FARMS later compiled and published many of these research reports in a book called Reexploring the Book of Mormon.1 As the information kept coming, FARMS published another book just a few years later called Pressing Forward with the Book of Mormon.2 They then produced an excellent compilation of this work called Echoes and Evidences of the Book of Mormon.3

[Page 224]In 2006, FARMS became a formal part of the Neal A. Maxwell Institute for Religious Scholarship, and FARMS was later absorbed into the Maxwell Institute’s Laura F. Willes Center for Book of Mormon Studies. As FARMS faded away, so did the short, insightful, and ground breaking articles that had been published regularly in support of the Book of Mormon.

Then, on January 1, 2016, a new era of Book of Mormon scholarship began with the creation of Book of Mormon Central, co-founded by Lynne Wilson and FARMS founder John W. Welch. The new organization hit the ground running by publishing short pieces highlighting Book of Mormon scholarship five times a week during the entire year. These articles were accompanied by short, high-quality video presentations, a podcast that provided the article in audio format, and, many times, original artwork created especially for Book of Mormon Central. The articles have often been supplemented by helpful infographics that summarize the material and that have been posted to social media sites such as Instagram, Pinterest, etc. The first 137 of the articles have been reedited, updated, and published in a new book entitled Knowing Why: 137 Evidences That the Book of Mormon is True.

Each article highlights some “historical, archaeological, cultural, linguistic, literary, legal, devotional or prophetic insight in the Book of Mormon” (p. xiii). In creating this new series, Book of Mormon Central created a new word to describe each entry: a “KnoWhy.” The origin and meaning of this new word is not very intuitive and takes some explaining.

It is common to hear Mormons, especially at a testimony meeting, say that they “know the Book of Mormon is true.” What is perhaps more uncommon is to hear an explanation of why they know it is true. When there is an explanation, it is commonly tied to such things as personal revelation that has come through applying Moroni’s promise found in Moroni 10:3–5. Of course, personal revelation is a legitimate form of knowledge. However, there are other valid answers to the question “how do you know?”

As the Book of Mormon Central website explains, the Book of Mormon itself relates that, along with personal revelation, there are other ways we may come to know spiritual truths. When Alma was challenged by Korihor, Alma said, “I know there is a God, and also that Christ shall come” (Alma 30:40). Alma proceeded to explain why he knew. Rather than merely appeal to an inner witness Alma himself had received, he challenged Korihor with the evidence of witnesses: “the testimony of all these thy brethren, and also all the holy prophets.” Alma continued by [Page 225]reasoning that “[t]he scriptures are laid before thee, yea, and all things denote there is a God; yea, even the earth, and all things that are upon the face of it, yea, and its motion, yea, and also all the planets which move in their regular form do witness that there is a Supreme Creator” (Alma 30:44).4 Alma not only testified, “I know there is a God,” he also explained why by providing the foundation for his knowledge.

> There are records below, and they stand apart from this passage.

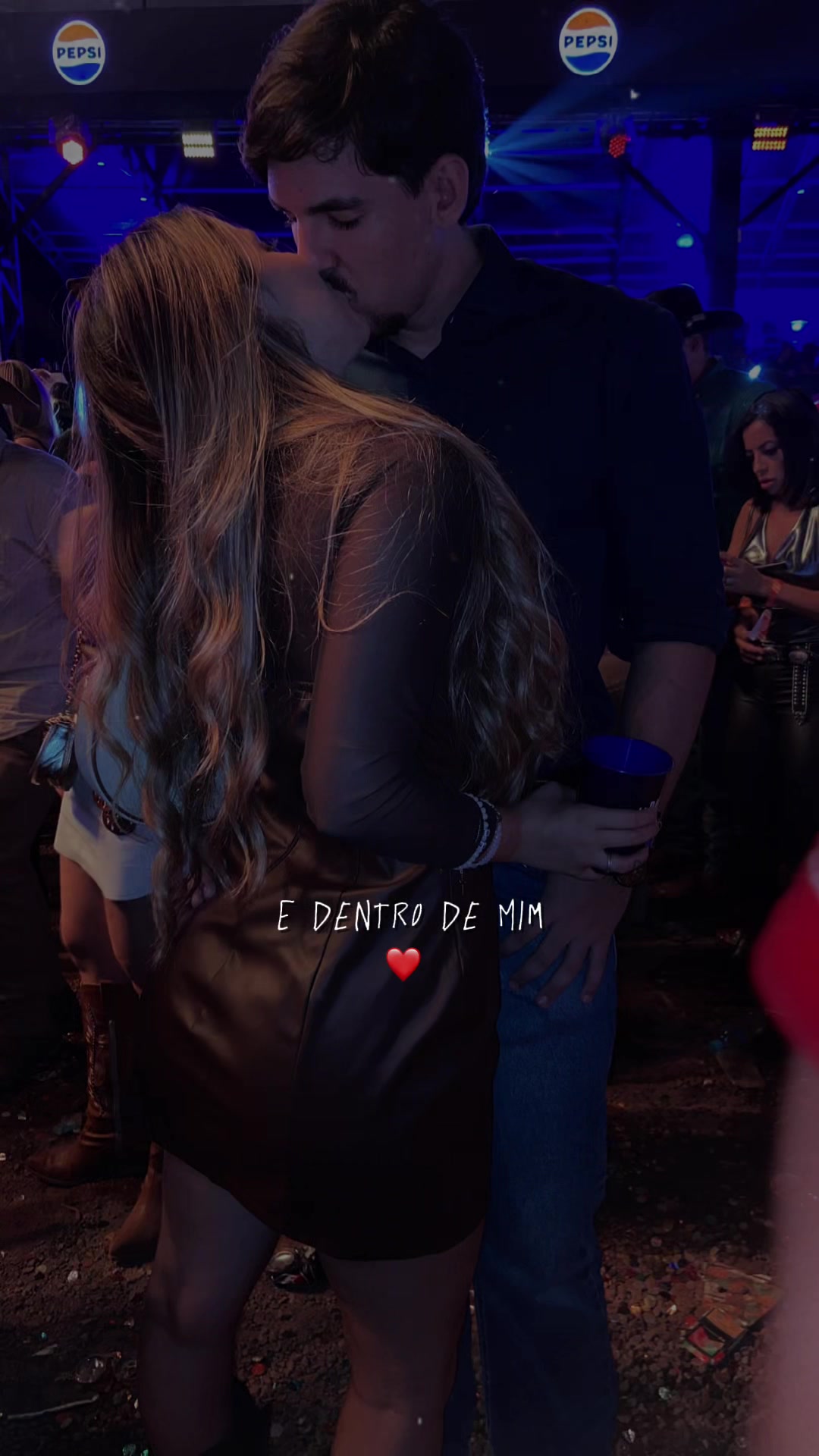 @Mábia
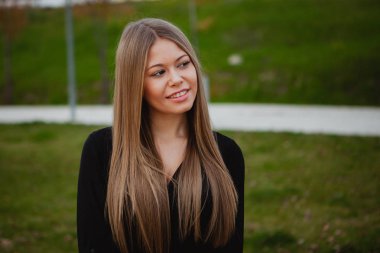 sarışın kız parkta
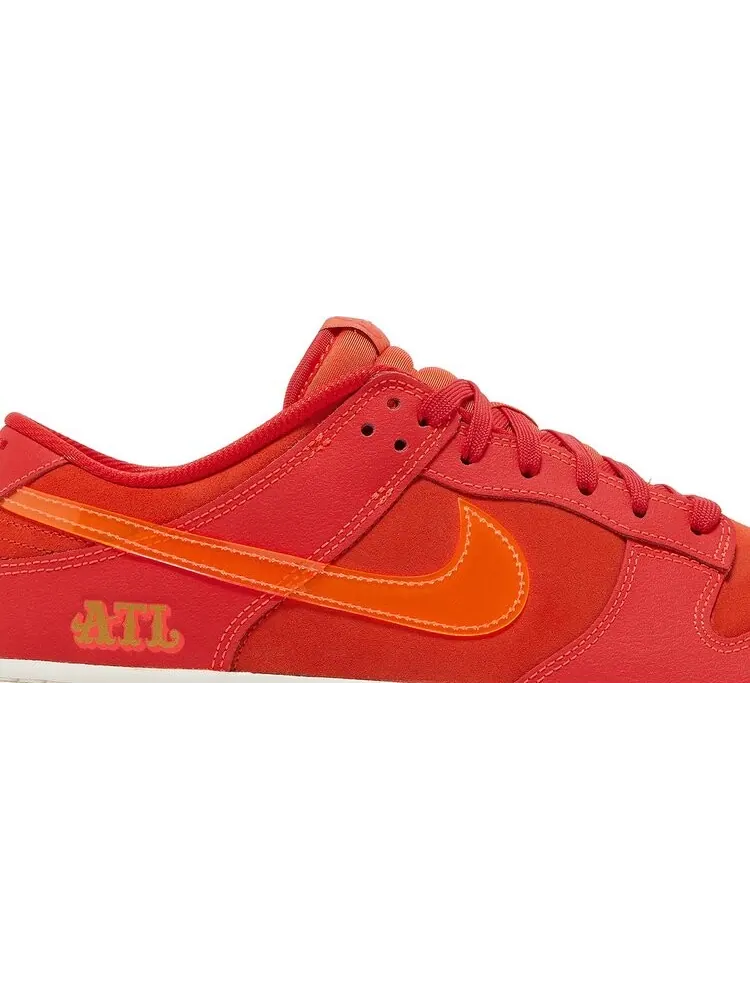 Кроссовки Dunk Low 'ATL' — изображение 2 из 4, красный
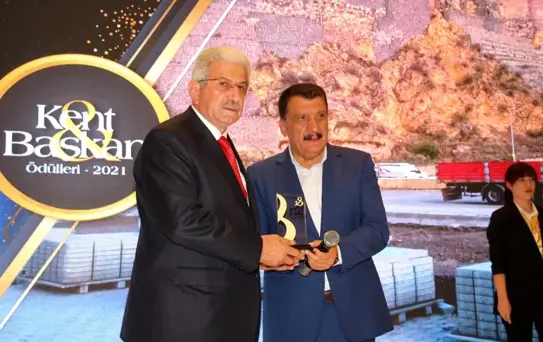 Oltu Belediye Başkanı Taşçı Malatya'da ödül aldı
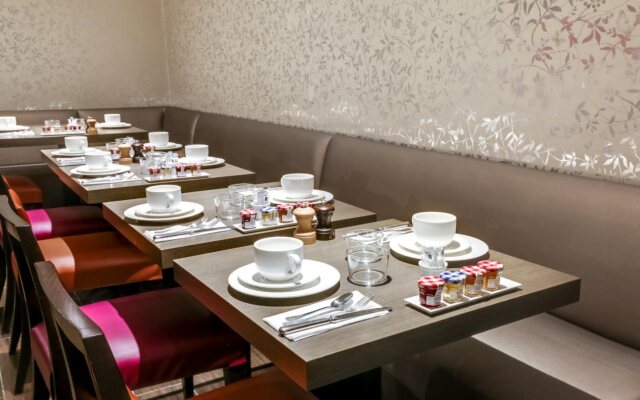 Le 12 Hotel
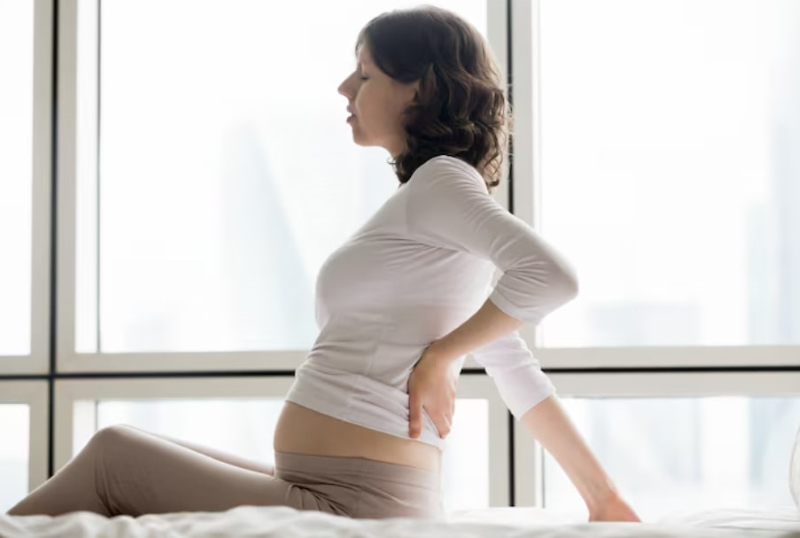 Ảnh hưởng của hormone Relaxin có thể là nguyên nhân khiến bà bầu tháng cuối đau xương mu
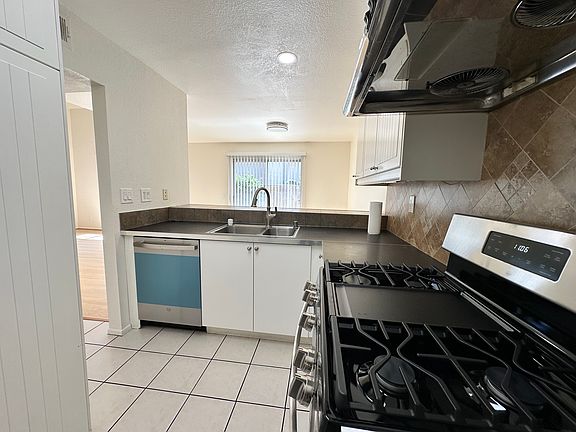 5th image of 3594 Windsong St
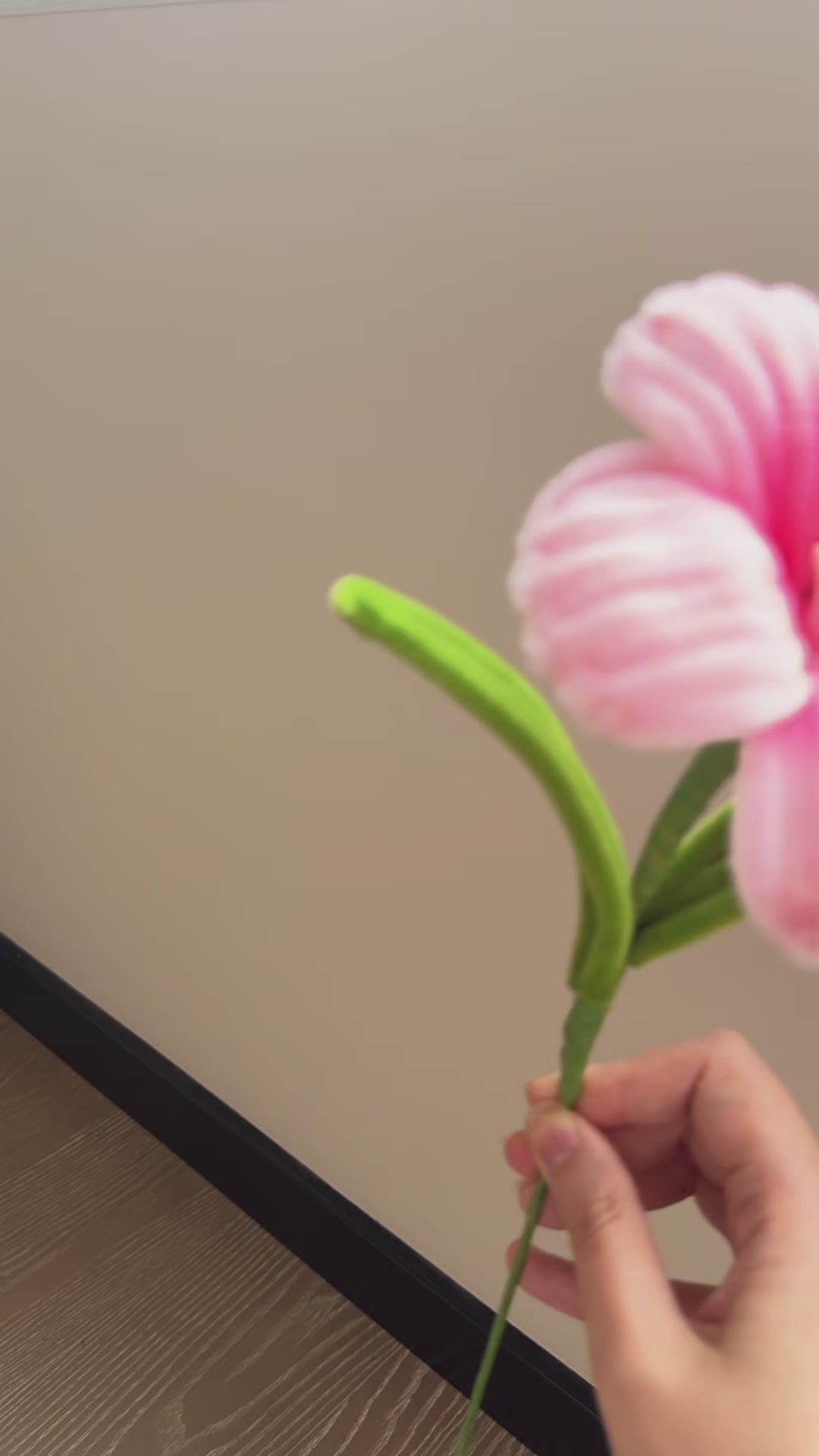Hibiscus Single Bouquet - Pipe Cleaner Flower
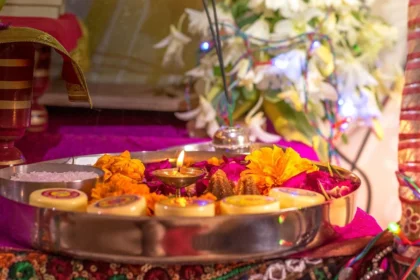 दुर्गा सप्तशती का रहस्य: शारदीय नवरात्रि में 108 तुलसी नामों से धन-समृद्धि का महायज्ञ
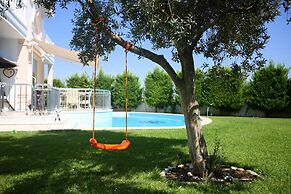 Villa Helios 1 by Elm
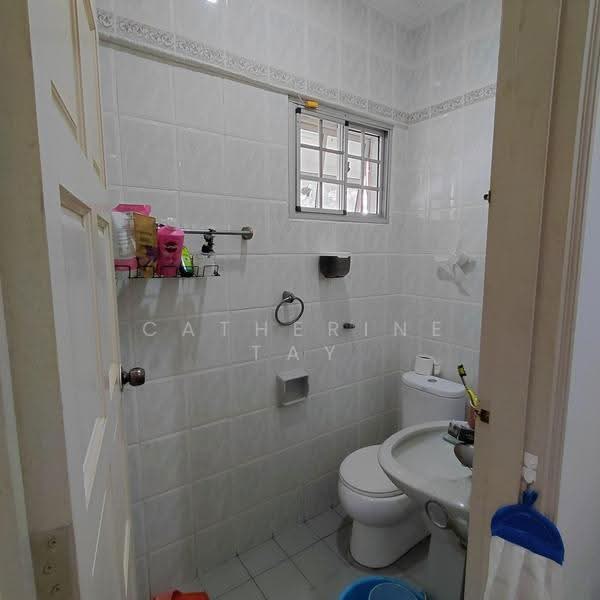 Bungalow House for Sale in Taman Bukit Tiram (Ulu Tiram) - Catherine Tay - Bathroom - PropertyGuru.com.my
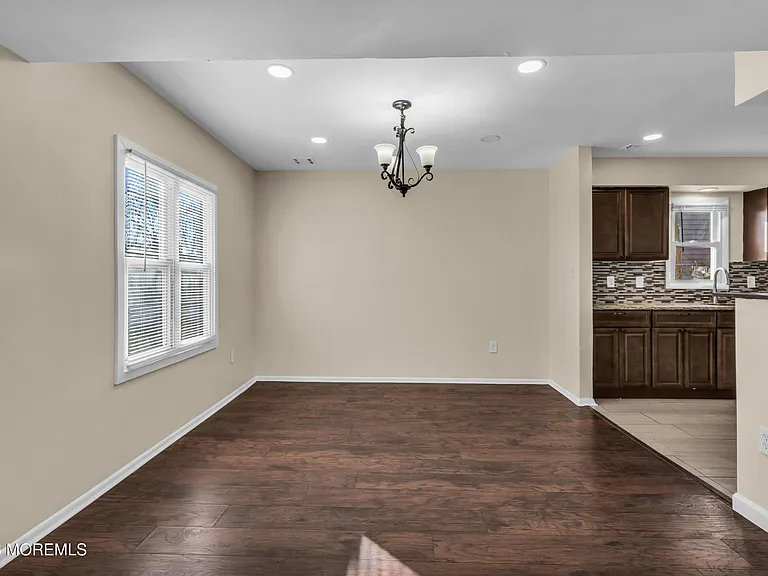 148 Dewitt Ave — Photo 12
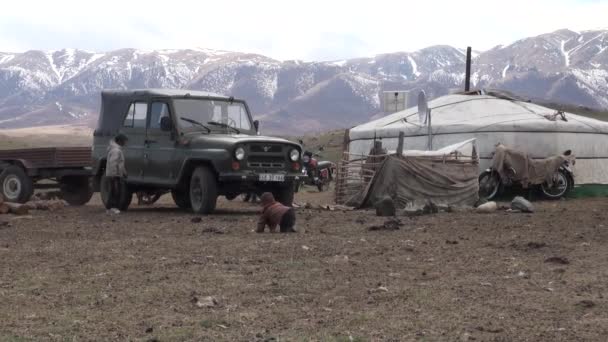 Μογγολικό παιδιά. Αυτοκίνητο και yurt — Αρχείο Βίντεο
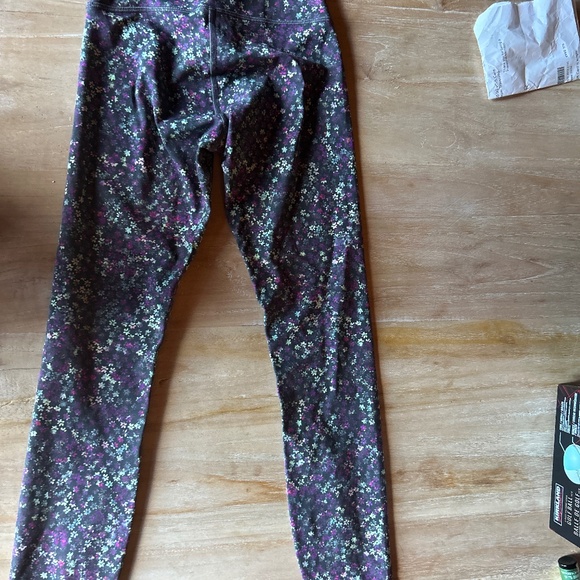 Lululemon leggings - Picture 1 of 3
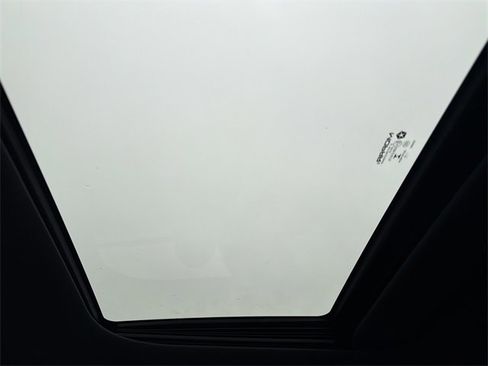 New 2025 Jeep Grand Cherokee L Altitude image 33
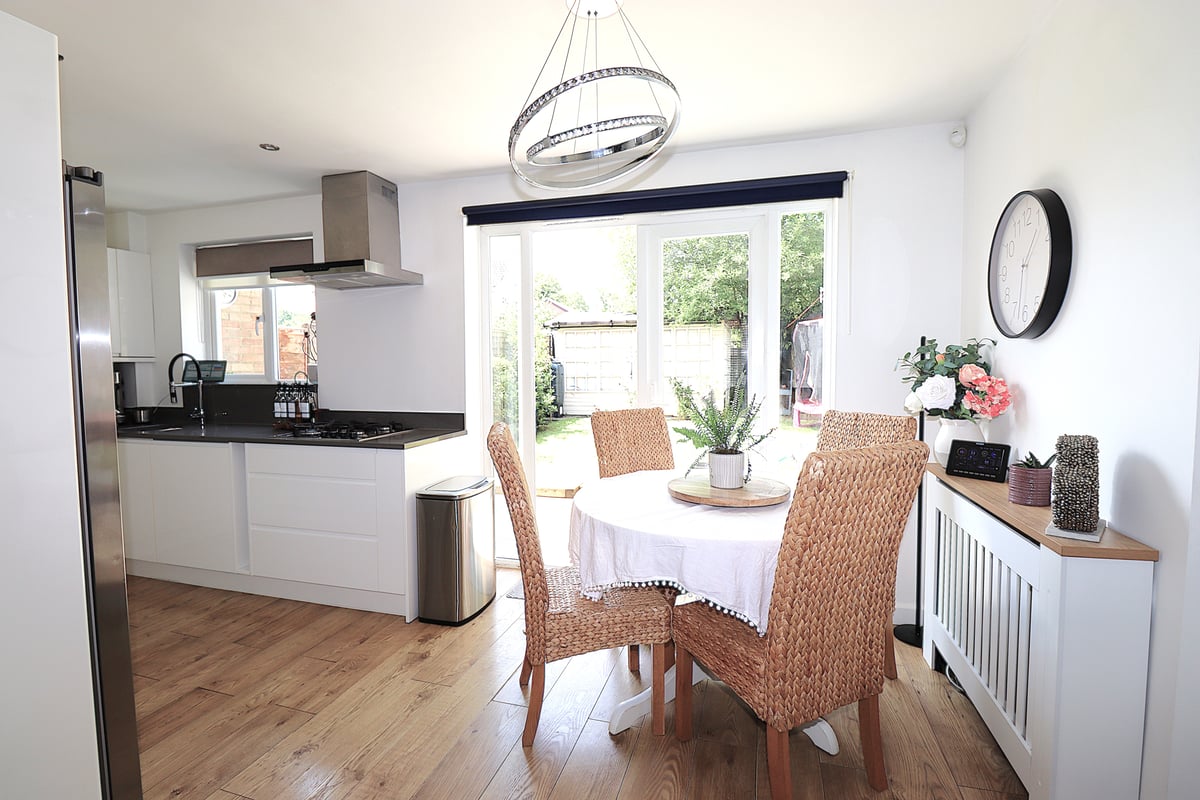 Long Beech Drive, FARNBOROUGH, GU14 0PR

With respect to the KnoWhy articles, the Book of Mormon Central website explains: “Each KnoWhy seeks to build up testimony, strengthening the ‘I know’ by providing substance, insights, and evidence, that can expand the reasons why you know.”5 This is not intended to diminish the central role of personal revelation. Rather, historical, archaeological, cultural, linguistic, literary, legal, devotional, or prophetic insights can help strengthen a testimony that is based primarily upon personal revelation. As Elder Jeffery R. Holland has said, “[T]ruly rock-ribbed faith and uncompromised conviction comes with its most complete power when it engages our head as well as our heart.”6

The people at Book of Mormon Central have taken seriously the divine command that we should “teach one another words of wisdom; yea, seek ye out of the best books words of wisdom; seek learning, even by study and also by faith” (D&C 88:118, emphasis added). As explained on the Book of Mormon Central website:

The dynamic and productive relationship between secular evidences and spiritual witnesses can be likened to many ordinary parts of our daily lives. Like two friends and allies, they work together to achieve shared goals in the pursuit of truth. Like two eyes, together they make depth perception possible. Like two legs, they allow us to walk the path of life [Page 226]smoothly, and like two hands that cooperate in playing a violin, they produce beautiful music of the soul. Functionally, they are like “two riders on a tandem bicycle. When both riders pedal together, the bicycle (the search for truth) moves ahead more rapidly. Each rider must work or the other must bear a heavy and exhausting burden. Only one (faith) can steer and determine where the bicycle will go, although the other (reason) can do some back-seat driving.” Faith and spiritual witness must always lead the way, but reason and evidence can and should make a contribution to the success and enjoyment of our journey.7

In addition to this meaning of the word “KnoWhy,” the format of each KnoWhy article takes one step beyond merely providing reasons for belief. Each article “shares something to know and explains why that thing is worth knowing” (p. xiii).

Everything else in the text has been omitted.